- [ASSIGNED TASK] Every entry below should be reproduced exactly, with all pictures left out.

BEGIN RECORDS FOR THIS EXERCISE

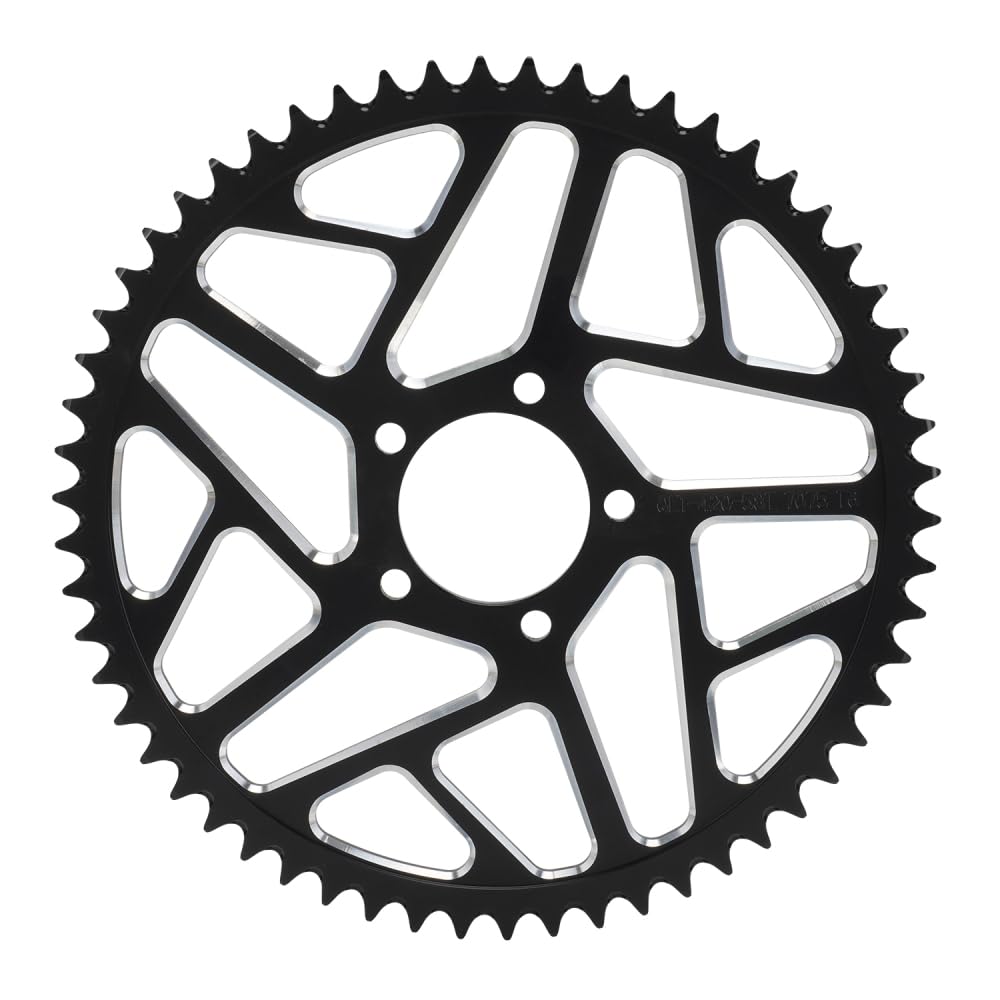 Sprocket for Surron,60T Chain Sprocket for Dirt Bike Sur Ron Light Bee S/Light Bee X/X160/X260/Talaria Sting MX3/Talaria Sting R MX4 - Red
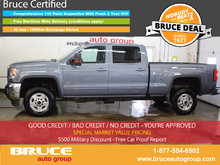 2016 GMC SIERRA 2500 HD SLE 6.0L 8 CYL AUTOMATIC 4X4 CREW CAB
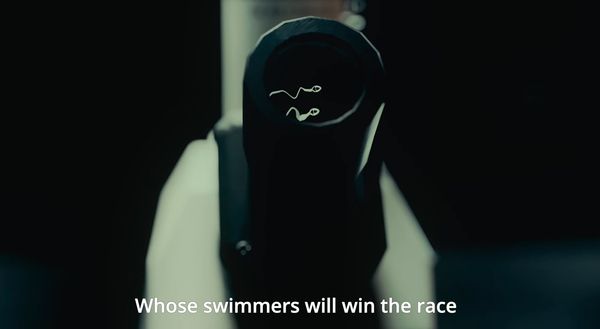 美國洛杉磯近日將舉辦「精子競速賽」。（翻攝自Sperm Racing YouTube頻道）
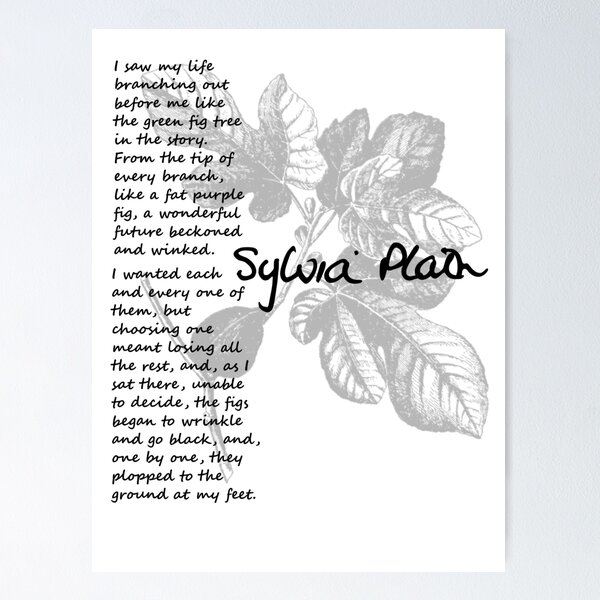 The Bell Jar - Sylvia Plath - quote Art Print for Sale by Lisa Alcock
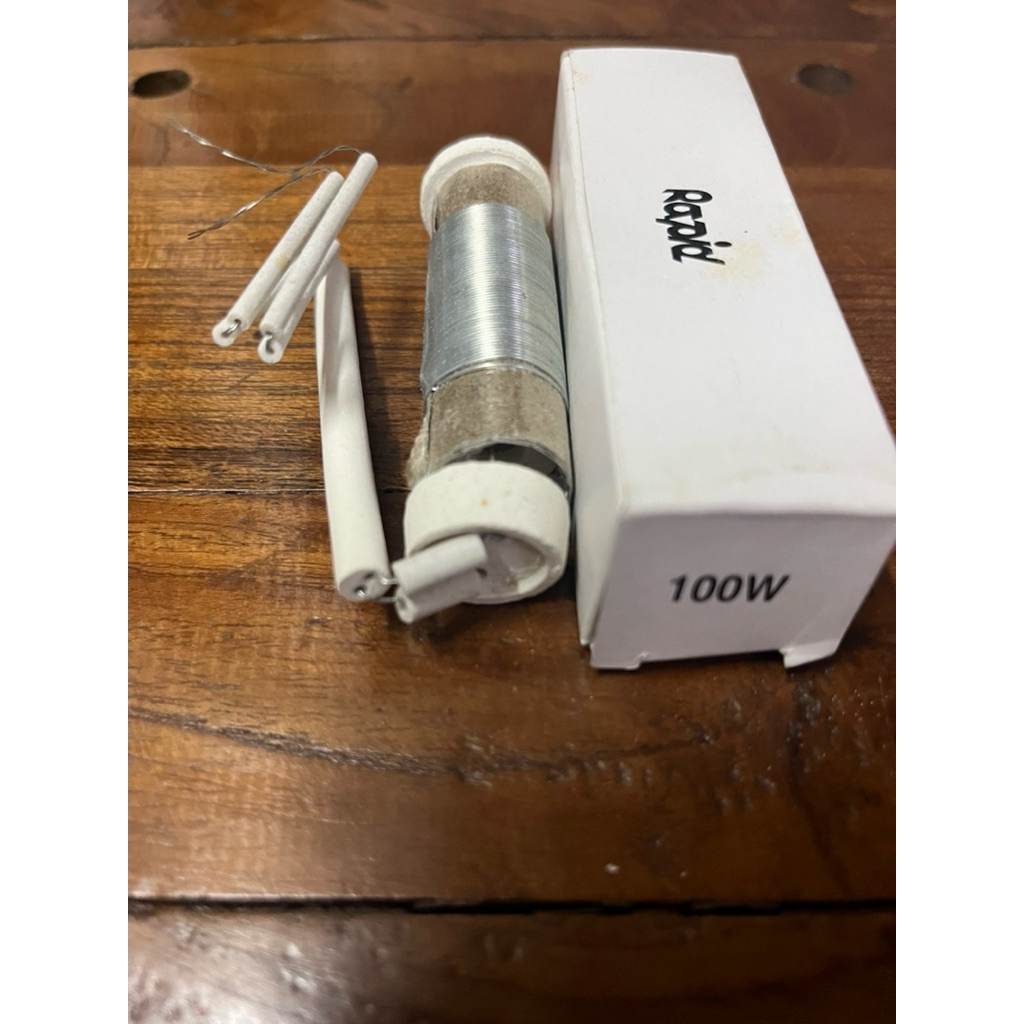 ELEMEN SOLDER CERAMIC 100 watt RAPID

END RECORDS FOR THIS EXERCISE

- [SOLUTION TO THE PROBLEM]
 Sprocket for Surron,60T Chain Sprocket for Dirt Bike Sur Ron Light Bee S/Light Bee X/X160/X260/Talaria Sting MX3/Talaria Sting R MX4 - Red
 2016 GMC SIERRA 2500 HD SLE 6.0L 8 CYL AUTOMATIC 4X4 CREW CAB
 美國洛杉磯近日將舉辦「精子競速賽」。（翻攝自Sperm Racing YouTube頻道）
 The Bell Jar - Sylvia Plath - quote Art Print for Sale by Lisa Alcock
 ELEMEN SOLDER CERAMIC 100 watt RAPID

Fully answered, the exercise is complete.